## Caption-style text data

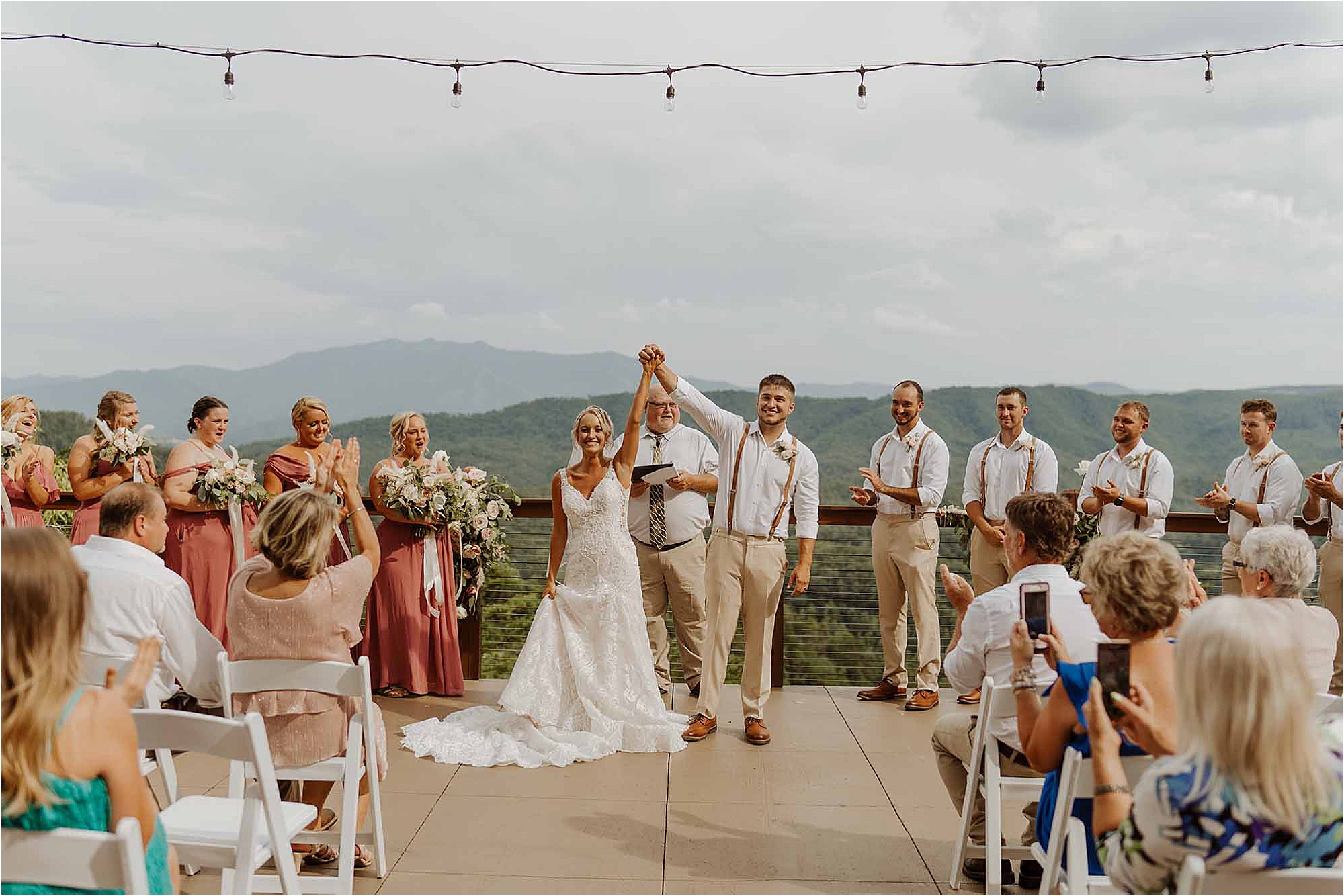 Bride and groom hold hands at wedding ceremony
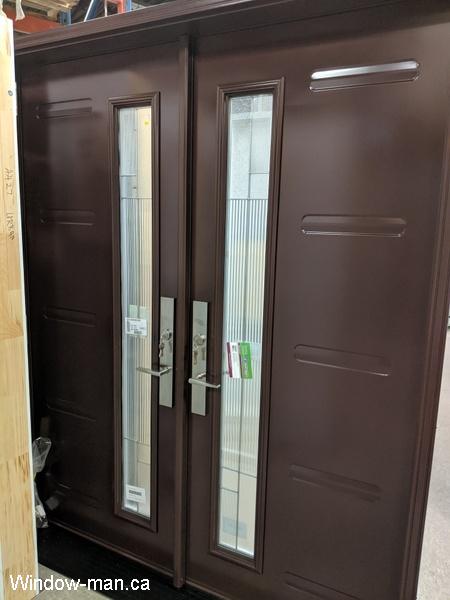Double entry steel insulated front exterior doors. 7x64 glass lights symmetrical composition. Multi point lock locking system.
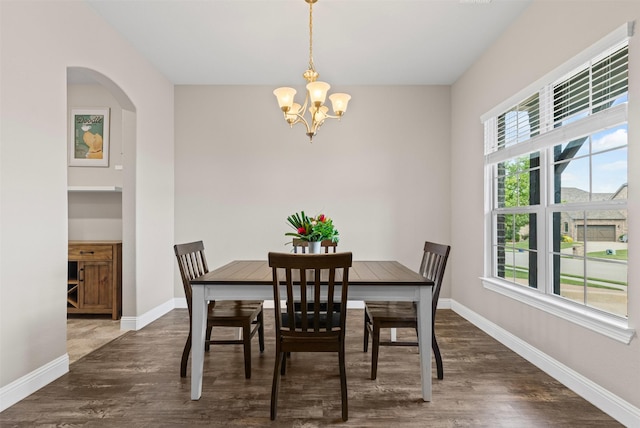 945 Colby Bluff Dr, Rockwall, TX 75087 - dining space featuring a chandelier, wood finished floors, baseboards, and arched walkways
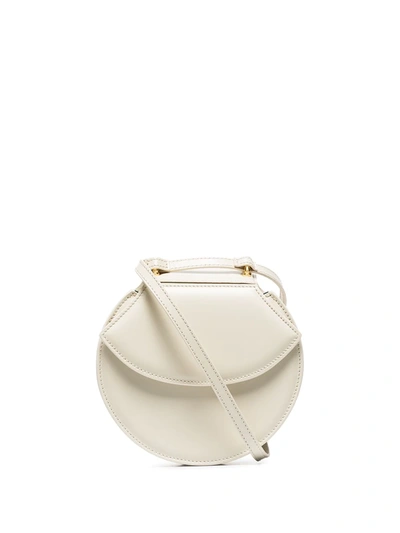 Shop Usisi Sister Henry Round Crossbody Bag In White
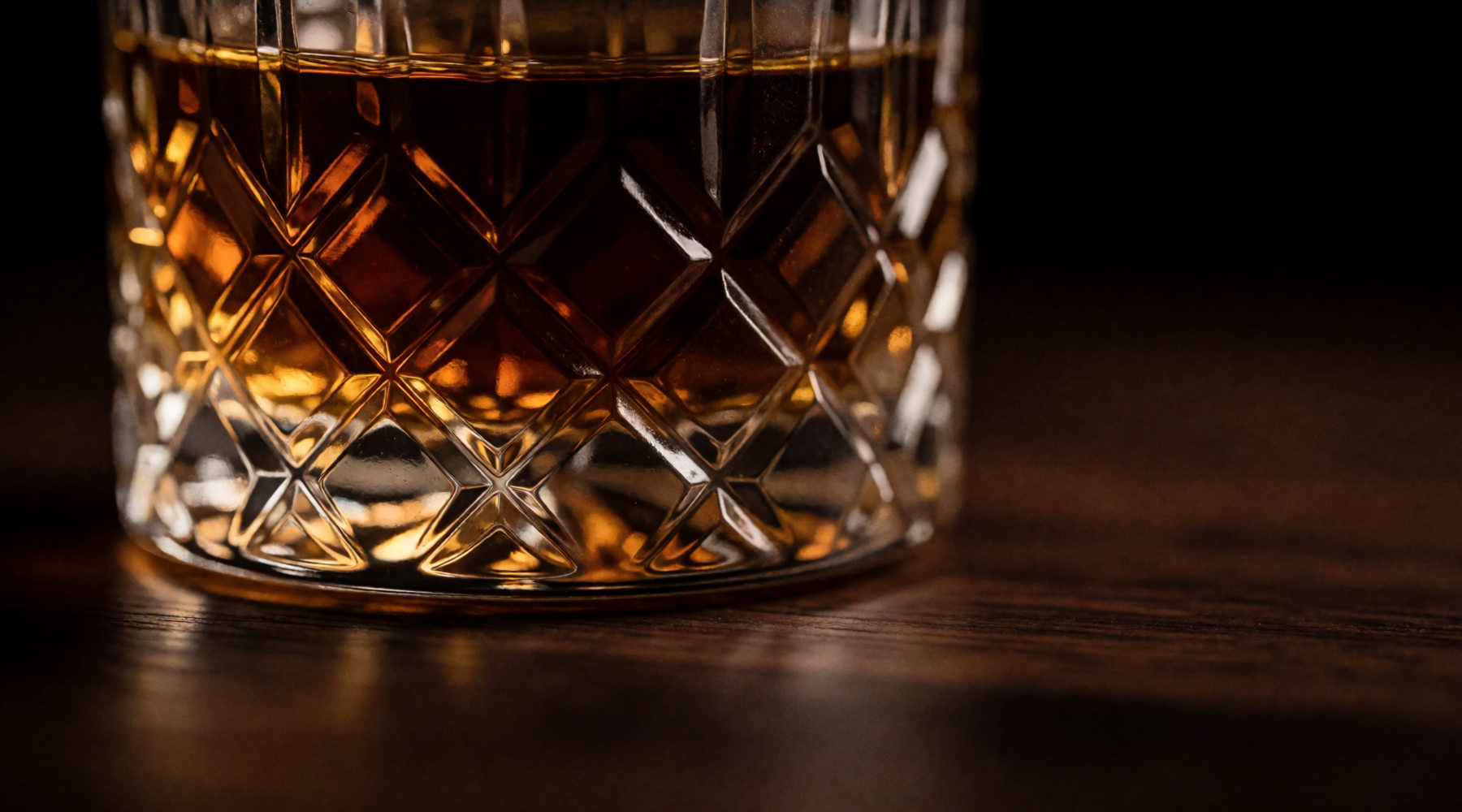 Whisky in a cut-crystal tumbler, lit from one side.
==
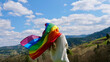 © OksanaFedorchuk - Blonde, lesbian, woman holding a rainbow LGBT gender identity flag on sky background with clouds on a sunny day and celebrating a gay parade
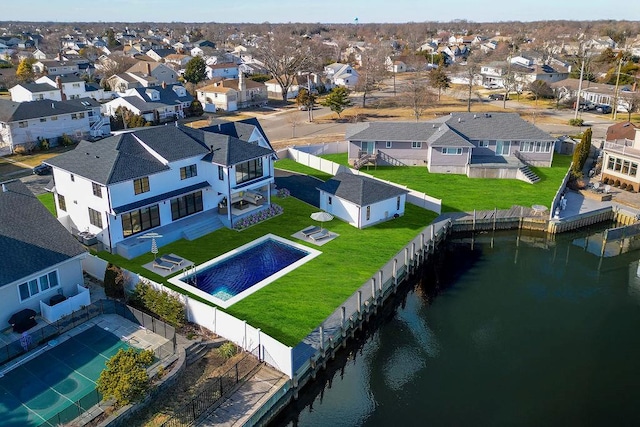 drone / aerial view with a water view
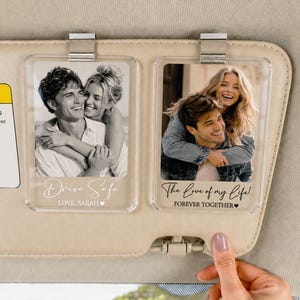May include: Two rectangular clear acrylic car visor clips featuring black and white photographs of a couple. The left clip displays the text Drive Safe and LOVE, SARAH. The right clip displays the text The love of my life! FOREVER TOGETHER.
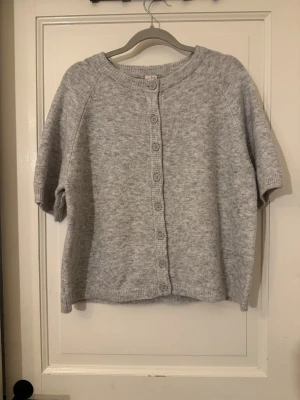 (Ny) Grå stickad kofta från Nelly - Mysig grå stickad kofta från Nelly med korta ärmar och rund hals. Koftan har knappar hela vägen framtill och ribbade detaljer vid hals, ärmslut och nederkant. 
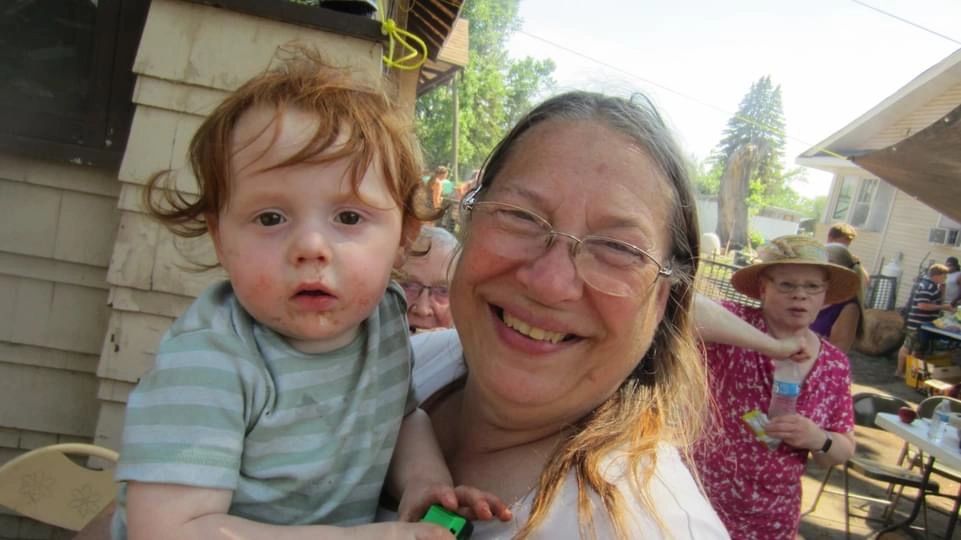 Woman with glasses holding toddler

## Your assignment
The response must repeat exactly the lines above from the one with "945 Colby Bluff" through the one with "Whisky in a", including both, and must contain no pictures and no other text.

## The answer
 945 Colby Bluff Dr, Rockwall, TX 75087 - dining space featuring a chandelier, wood finished floors, baseboards, and arched walkways
 Shop Usisi Sister Henry Round Crossbody Bag In White
 Whisky in a cut-crystal tumbler, lit from one side.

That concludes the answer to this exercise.